Safe Haven for Brands

A few years ago, the chief concern regarding brand safety online was that an ad might end up adjacent to some political messaging (and not of the benign variety). That's the least of worries among brand managers when they advertise online these days, what with parts of the web starting to resemble a digital cesspool. Marketers are taking action: 45 percent of advertising decision-makers are moving their ad spending to well-regarded premium publishers, according to a survey of 304 U.S. advertising decision marketers conducted by Oath, a subsidiary of Verizon. Fifty-percent of the respondents said they are putting pressure on their partners to screen for brand safety.

In contrast to the web, print ad buys don't suffer the same risks as online ad buying. Ad buyers might even negotiate to see precisely what type of content will surround their message. And it's a static message, to boot. There's no chance that after purchasing a print ad vituperative content is going to pop up next to the ad and put the brand in a compromising position — at which point the ad buy morphs into crisis management.

 

Trust in the Product

More and more it seems like when people surf the web they are being followed at every turn, lending more validity to the creep factor online. In contrast, consumers carry around magazines by choice. Magazines, similar to sumptuous books and sweeping novels, can be people's friends. There are countless ways to describe the web; friendly isn't one of them. And while digital media suck up most of the oxygen, print media fosters the kind of consumer loyalty that has proved elusive online. A 2017 MarketingSherpa study of 1,200 consumers, for example, found that print publications are the most trusted advertising channel when people want to buy something (82 percent). At the bottom of the heap, mobile phone ads (39 percent), ads in podcasts (37 percent) and online pop-up ads (25 percent).
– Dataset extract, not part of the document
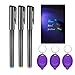 Daemson Invisible Ink Pen Spy Pen with 3 PCS Mini UV LED Keychain Flashlight Disappearing Ink Magic Pens with Black Light Markers for Secret Notes Fit for Christmas Halloween Holiday Gifts 3 PCS - Image 3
For a while, it was cool to pooh-pooh print media. But marketers who now dismiss print may be missing out on parking their message in a well-lighted, safe lot, particularly when stacked up against online venues. "As the media system grows exponentially it's hard to figure out what you can trust," Brooks says. "For magazines, it's become a shortcut to quality — where consumers know they're getting professional content."